→ Records supplied
★ ★ ★

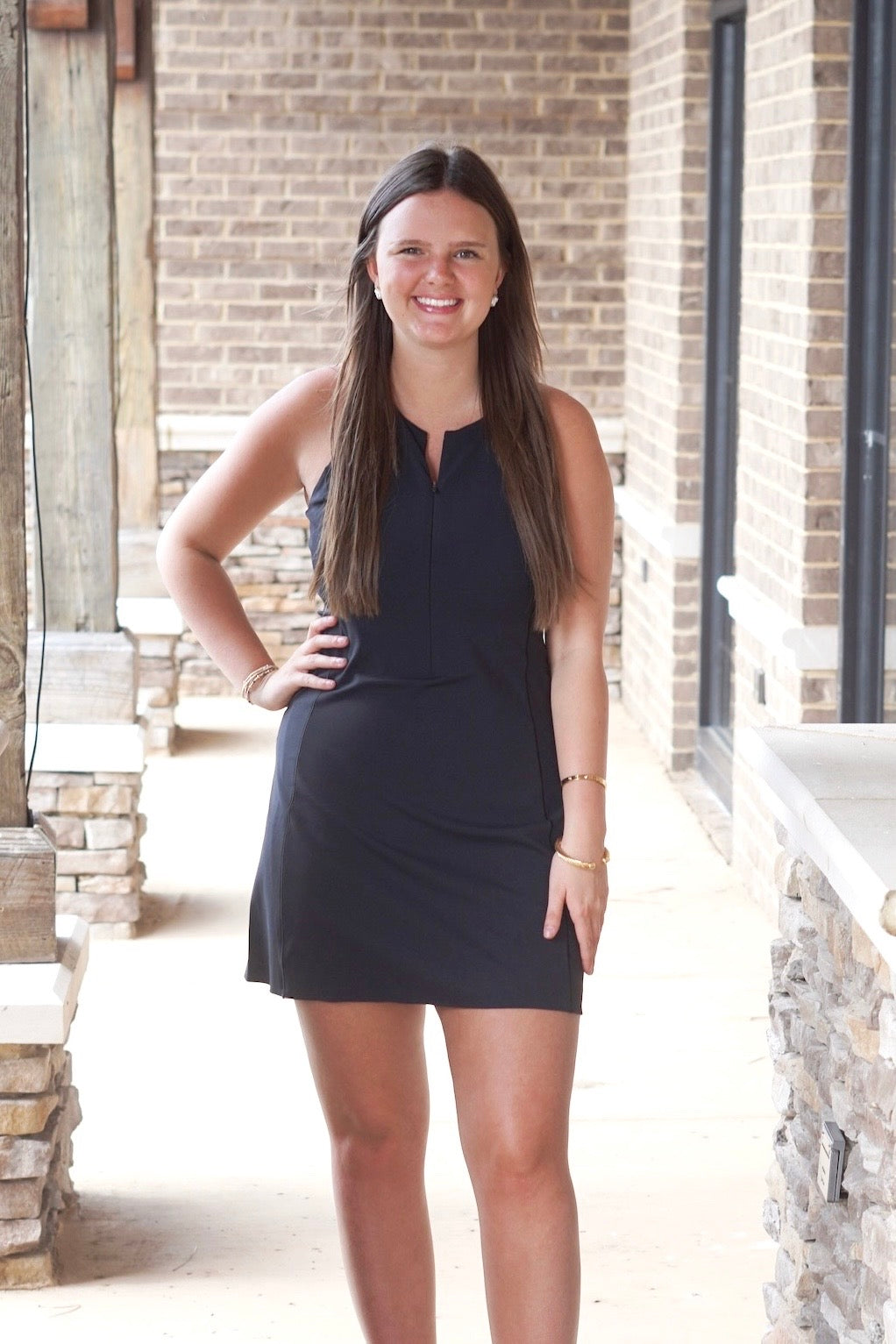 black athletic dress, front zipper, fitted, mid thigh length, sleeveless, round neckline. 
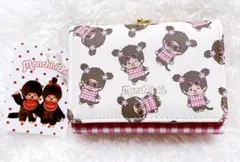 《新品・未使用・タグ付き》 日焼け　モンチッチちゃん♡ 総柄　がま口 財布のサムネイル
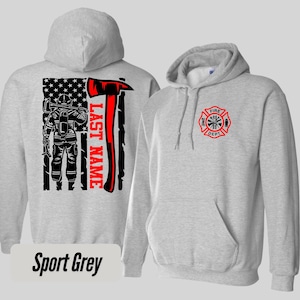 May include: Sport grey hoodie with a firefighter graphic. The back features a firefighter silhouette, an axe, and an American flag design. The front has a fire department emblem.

★ ★ ★

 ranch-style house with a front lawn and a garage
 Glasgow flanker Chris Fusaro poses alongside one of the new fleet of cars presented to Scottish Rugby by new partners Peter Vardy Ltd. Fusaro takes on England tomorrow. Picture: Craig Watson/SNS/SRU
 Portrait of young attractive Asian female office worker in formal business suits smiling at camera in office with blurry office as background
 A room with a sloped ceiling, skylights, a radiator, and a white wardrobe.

★ ★ ★

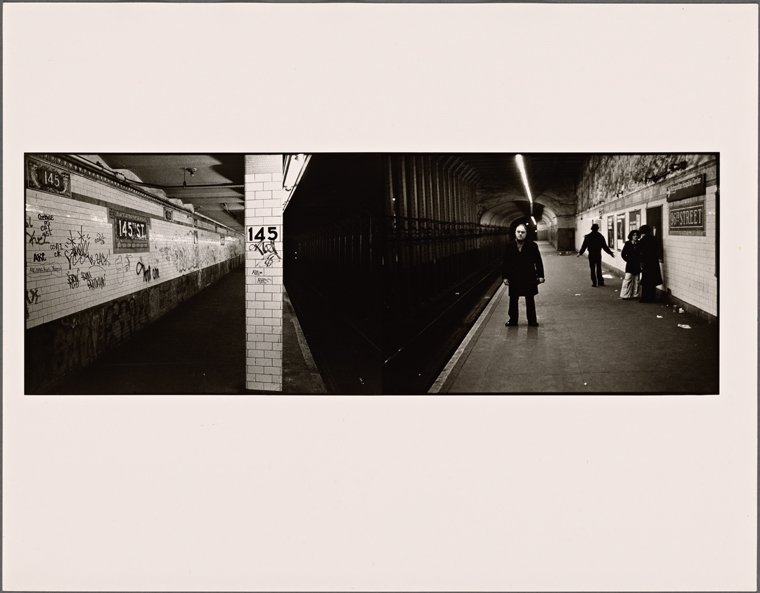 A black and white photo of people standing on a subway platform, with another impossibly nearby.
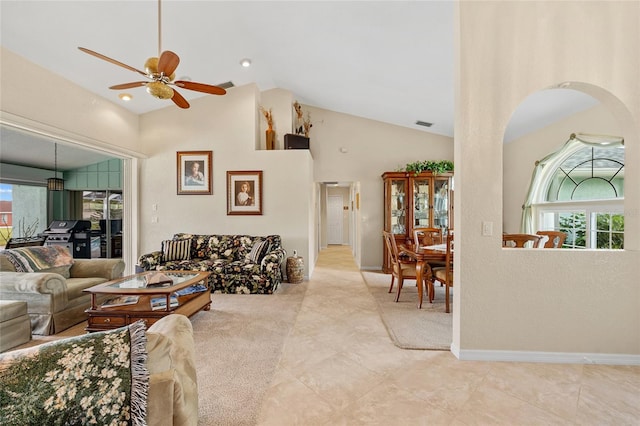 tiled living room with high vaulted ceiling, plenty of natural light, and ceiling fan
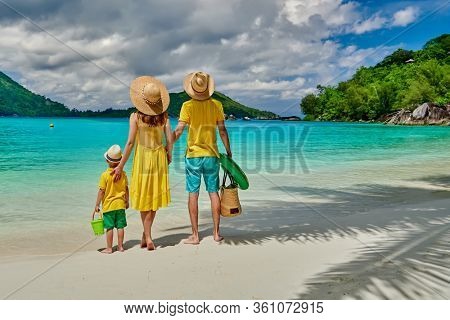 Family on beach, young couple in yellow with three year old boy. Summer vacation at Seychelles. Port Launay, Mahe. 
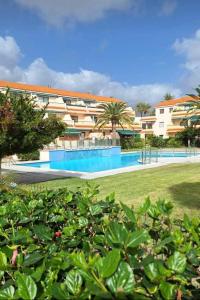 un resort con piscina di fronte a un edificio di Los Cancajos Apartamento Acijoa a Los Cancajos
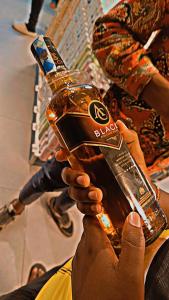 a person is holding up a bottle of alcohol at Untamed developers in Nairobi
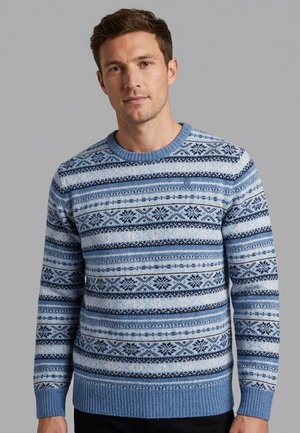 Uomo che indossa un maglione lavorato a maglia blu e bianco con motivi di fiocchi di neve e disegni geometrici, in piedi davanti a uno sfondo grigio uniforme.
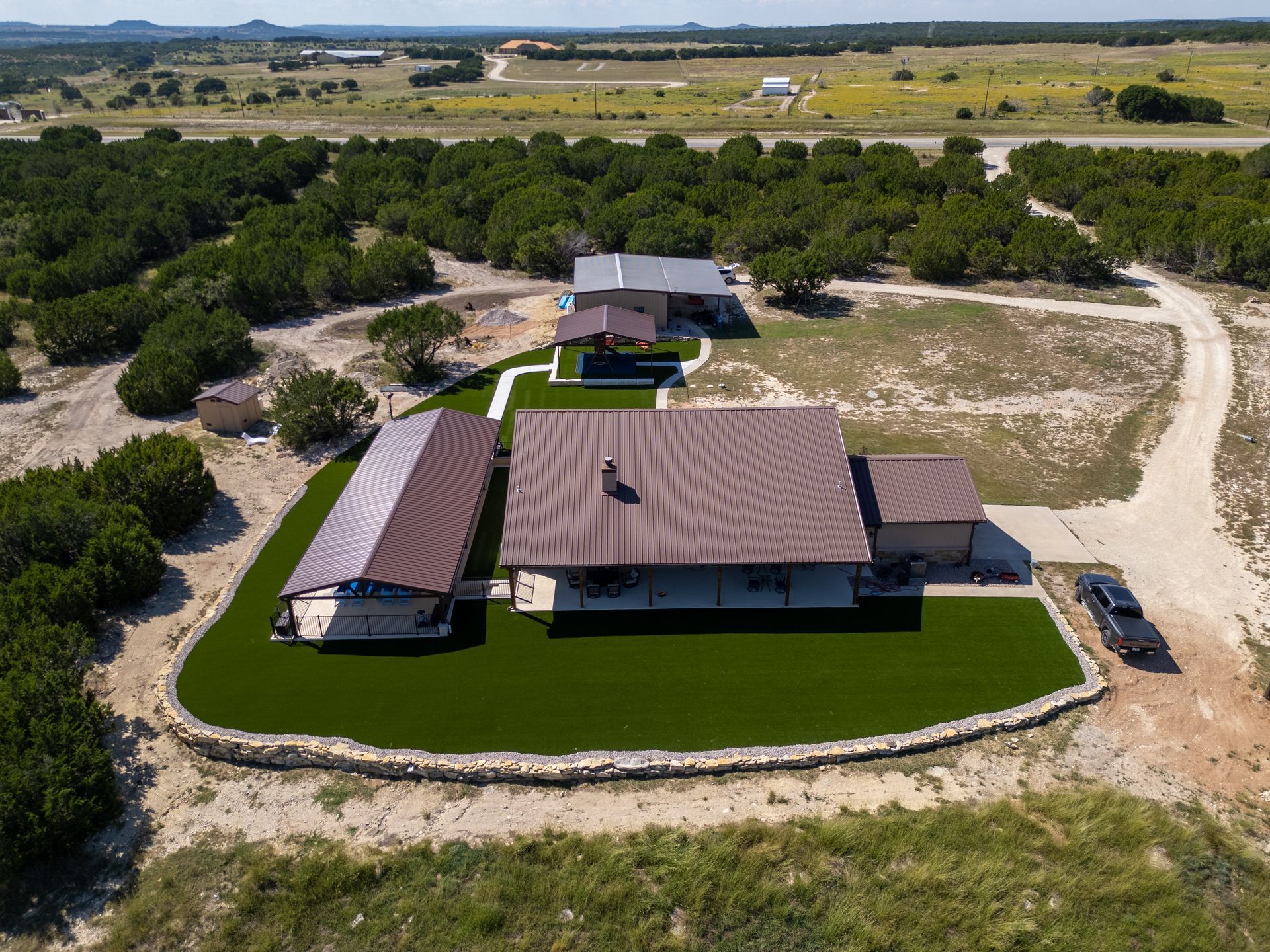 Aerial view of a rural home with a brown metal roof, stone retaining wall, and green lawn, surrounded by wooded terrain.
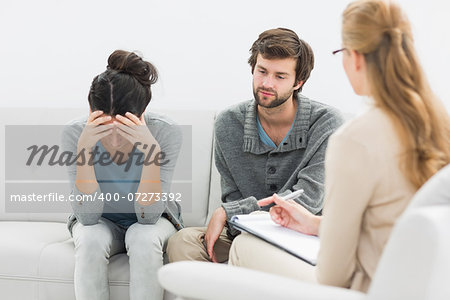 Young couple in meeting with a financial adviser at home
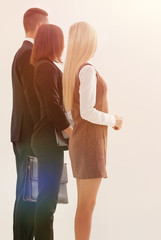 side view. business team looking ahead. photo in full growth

★ ★ ★

Starting with the line with "ranch-style house with" above and going on through the line with "A room with", transcribe every line exactly, both ends included, and add nothing.

 ranch-style house with a front lawn and a garage
 Glasgow flanker Chris Fusaro poses alongside one of the new fleet of cars presented to Scottish Rugby by new partners Peter Vardy Ltd. Fusaro takes on England tomorrow. Picture: Craig Watson/SNS/SRU
 Portrait of young attractive Asian female office worker in formal business suits smiling at camera in office with blurry office as background
 A room with a sloped ceiling, skylights, a radiator, and a white wardrobe.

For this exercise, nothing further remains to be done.